# Task requirements
A word-for-word retyping of the listing below is required, with the pictures dropped.

# Data provided
######

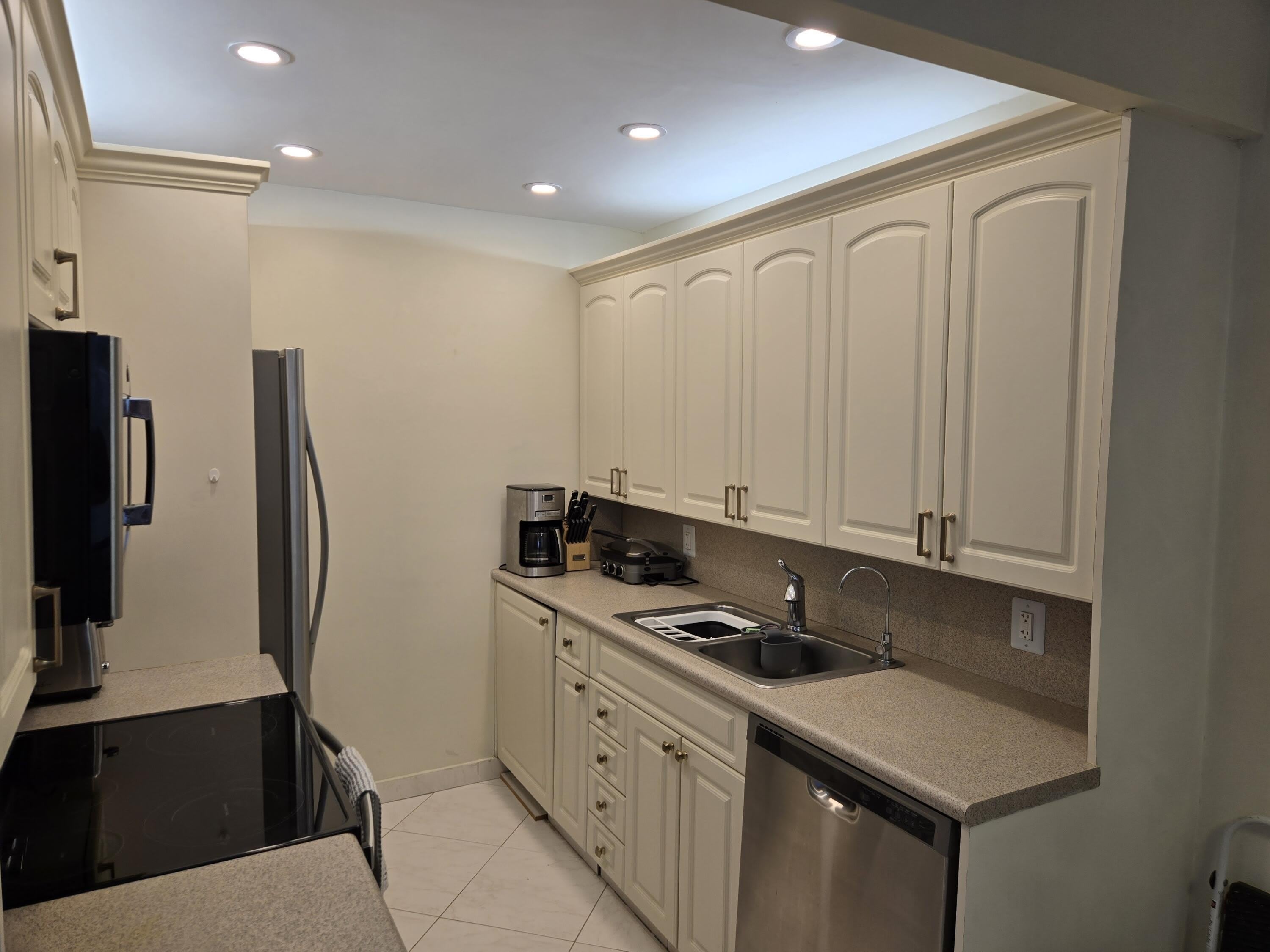 2031 Exeter – photo 1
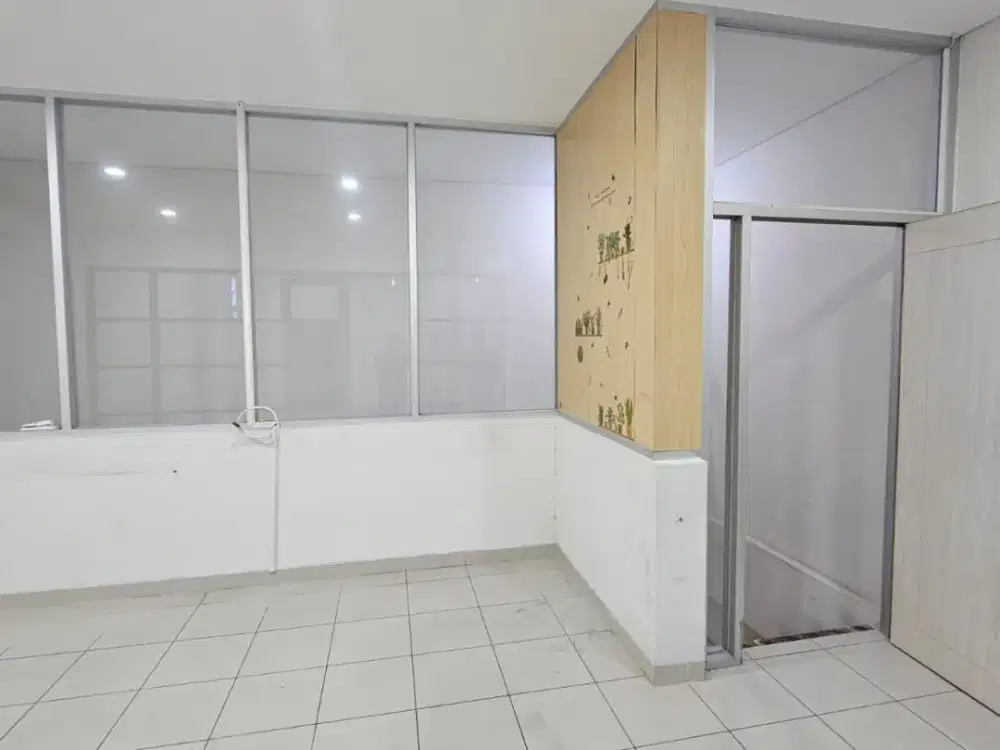 Disewakan Ruko Thamrin 2 Lantai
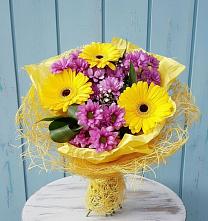 Букет цветов из:  Хризантемы и Герберы #REPLACE_PRED# Добринка Липецкая область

######

# The completed task
 2031 Exeter – photo 1
 Disewakan Ruko Thamrin 2 Lantai
 Букет цветов из:  Хризантемы и Герберы #REPLACE_PRED# Добринка Липецкая область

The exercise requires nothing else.